Let me say some more about children and young people, who were mentioned by a number of Members. There is a powerful moment in “Unrest” where a young lady is celebrating her birthday. She says, “I remember my 16th birthday in this bed, and my 17th birthday, and my 18th birthday”—and she goes on through; I think she was celebrating her 22nd birthday in the film. Although access to services was raised, I know that access to education is also a huge issue for children and young people with ME.

All schools have a legal duty to make arrangements to support pupils with a medical condition in school. Guidance to schools states that they should put in place arrangements that show an understanding of how medical conditions affect a pupil’s ability to learn and give parents and young people confidence in the school’s ability to provide effective support for their condition. Children and young people with ME should have an individual healthcare plan, which should normally be drawn up in partnership with the school, healthcare professionals, parents and the young person, and should be tailored to their needs.

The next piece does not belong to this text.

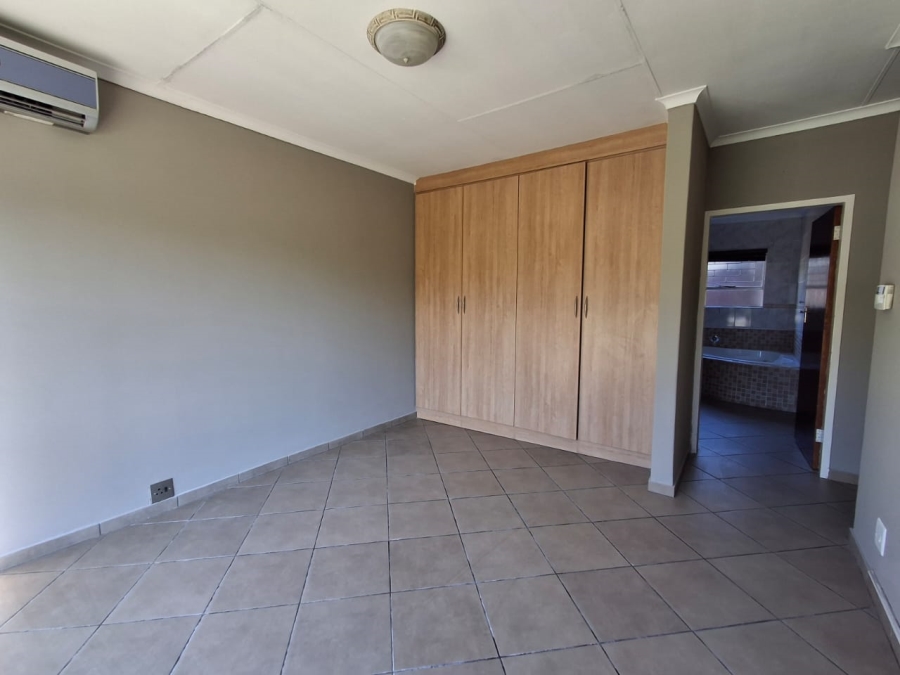 3 Bedroom Property for Sale in Sunair Park Gauteng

Schools and other services should work together to ensure that children and young people with ME receive an education that is flexible and appropriate. That could mean programmes of study that rely on part-time attendance, in combination with alternative provision or home schooling, which was mentioned. Consideration should also be given to how children and young people are integrated back into school after a period of absence, when they are feeling better and, hopefully, more able physically to cope.

A lot was said about NICE guidelines, which are clearly a sensitive topic and a source of much unhappiness among Members and the wider ME community. According to NICE guidelines, recommended treatments for ME include cognitive behavioural therapy and graded exercise therapy. I know that many patients disagree with those treatments, and we heard powerful testimony about that. The NICE guideline is clear that there is no one form of treatment to suit every patient; that the personal needs and preferences of the patient should be taken into account; that doctors should explain that no single strategy will be successful for all patients; and that, in common with all people receiving NHS care, ME patients have the right to refuse or withdraw from any part of their treatment that they do not agree with or they think is doing them harm.

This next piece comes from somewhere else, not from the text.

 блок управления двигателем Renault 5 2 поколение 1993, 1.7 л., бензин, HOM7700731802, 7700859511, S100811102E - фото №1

As we heard, the NICE guideline is being updated—a jolly good job, too. NICE will look at the current evidence base, including the PACE trial, which has been debated at length in the House before. Of course, we welcome NICE’s decision to undertake a full review of ME guidelines. Many of the ME charities we have heard about today are registered to take part in the guideline development process, but NICE is the independent expert body responsible for developing robust, evidence-based guidance for the NHS to design services that are in line with the best available evidence, and no one should hide from the evidence. It would be inappropriate and wrong for Ministers to interfere with the process, but I feel sure that NICE will be listening to the debate and taking a keen interest in it.